Try it
Which lines of the entries below run from the one holding "Stemless Ceramic Wine" to the one holding "柬埔寨首相洪马内6月2日在金", inclusive? Set down exactly those lines and no others.

---*---

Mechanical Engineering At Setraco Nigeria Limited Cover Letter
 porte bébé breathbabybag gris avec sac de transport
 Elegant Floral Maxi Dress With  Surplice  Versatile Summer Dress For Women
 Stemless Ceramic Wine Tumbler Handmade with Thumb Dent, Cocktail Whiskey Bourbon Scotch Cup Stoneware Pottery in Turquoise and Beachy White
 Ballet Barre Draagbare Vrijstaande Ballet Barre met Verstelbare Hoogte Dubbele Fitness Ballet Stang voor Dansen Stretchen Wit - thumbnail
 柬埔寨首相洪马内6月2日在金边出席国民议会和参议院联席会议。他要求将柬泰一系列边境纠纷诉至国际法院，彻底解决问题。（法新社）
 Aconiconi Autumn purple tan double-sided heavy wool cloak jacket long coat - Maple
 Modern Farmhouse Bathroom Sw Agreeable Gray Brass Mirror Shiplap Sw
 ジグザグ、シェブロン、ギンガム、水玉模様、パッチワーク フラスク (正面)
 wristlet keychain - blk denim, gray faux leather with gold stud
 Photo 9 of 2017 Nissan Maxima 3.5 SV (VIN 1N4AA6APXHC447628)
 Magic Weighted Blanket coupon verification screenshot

---*---

Result for this exercise
 Stemless Ceramic Wine Tumbler Handmade with Thumb Dent, Cocktail Whiskey Bourbon Scotch Cup Stoneware Pottery in Turquoise and Beachy White
 Ballet Barre Draagbare Vrijstaande Ballet Barre met Verstelbare Hoogte Dubbele Fitness Ballet Stang voor Dansen Stretchen Wit - thumbnail
 柬埔寨首相洪马内6月2日在金边出席国民议会和参议院联席会议。他要求将柬泰一系列边境纠纷诉至国际法院，彻底解决问题。（法新社）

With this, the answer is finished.